WHAT THE TASK REQUIRES
In your copy, include every line of the listing below exactly but none of the pictures.
(DATASET ENTRIES begins)
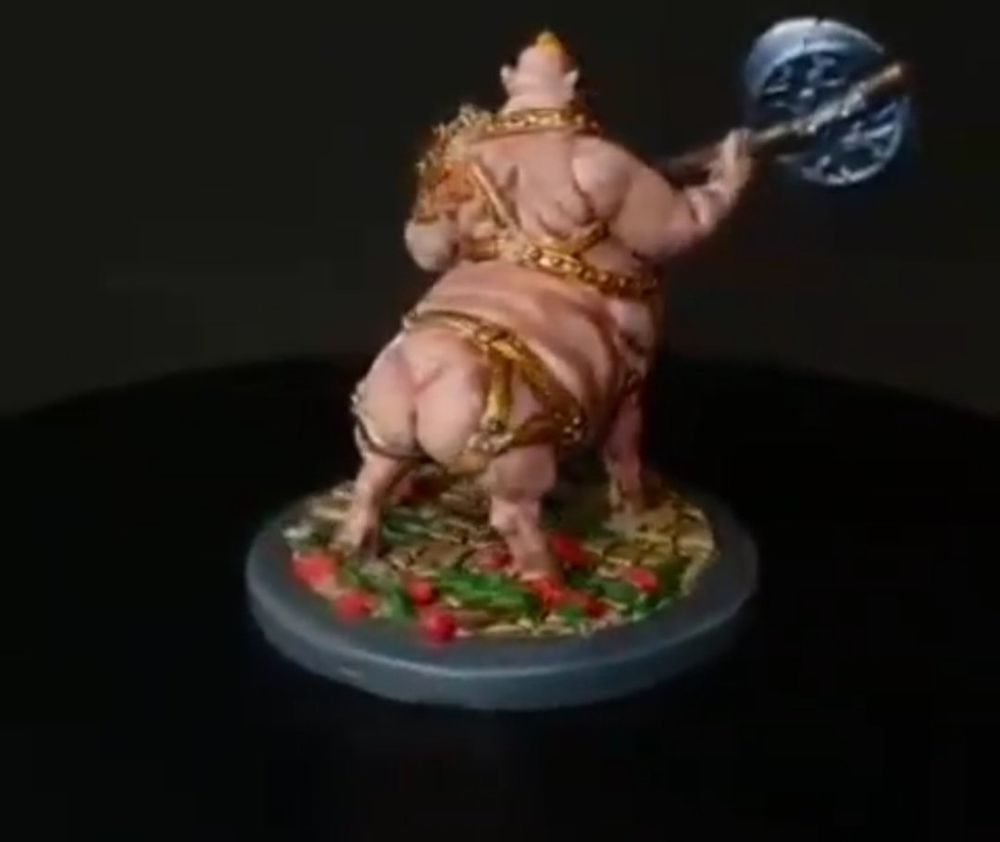 Pigman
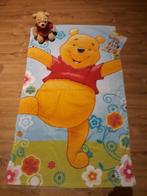 Winnie de Poeh badhanddoek, foto album,knuffel en 5 buttons., Ophalen of Verzenden, Nieuw, Overige typen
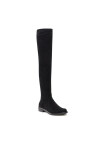 Caprice Чизми 9-25510-29 Black Stretch 044 - Mera.bg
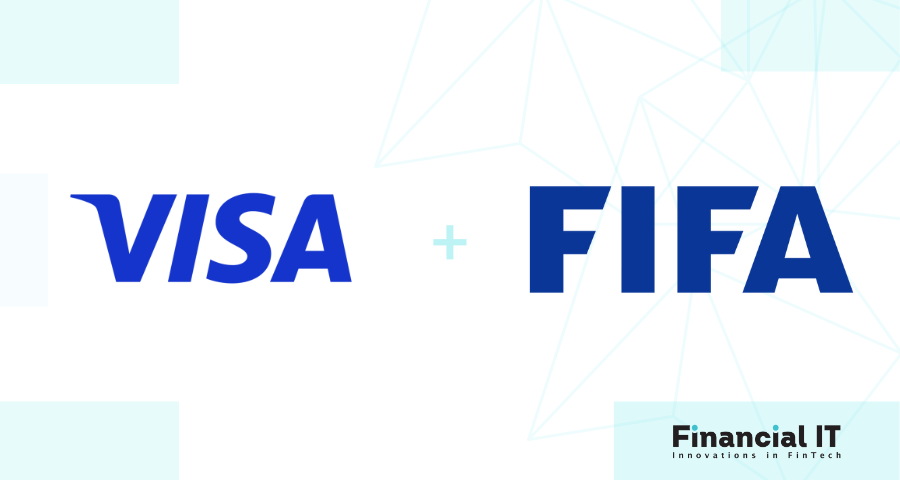 FIFA Extends Global Partnership with Visa, Including FIFA World Cup 2026™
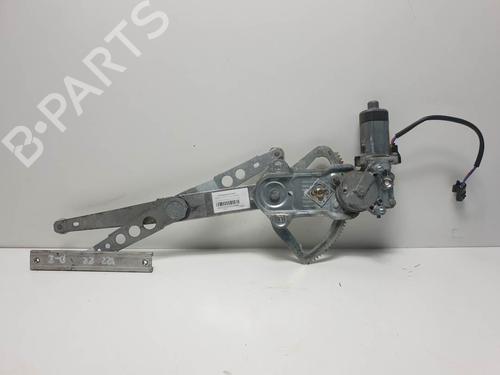 Used Front left window mechanism Front left window mechanism JAGUAR XJ (X308) 3.2 (237 hp) 9116994 9116994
(DATASET ENTRIES ends)
RESPONSE FOR THIS EXERCISE
 Pigman
 Winnie de Poeh badhanddoek, foto album,knuffel en 5 buttons., Ophalen of Verzenden, Nieuw, Overige typen
 Caprice Чизми 9-25510-29 Black Stretch 044 - Mera.bg
 FIFA Extends Global Partnership with Visa, Including FIFA World Cup 2026™
 Used Front left window mechanism Front left window mechanism JAGUAR XJ (X308) 3.2 (237 hp) 9116994 9116994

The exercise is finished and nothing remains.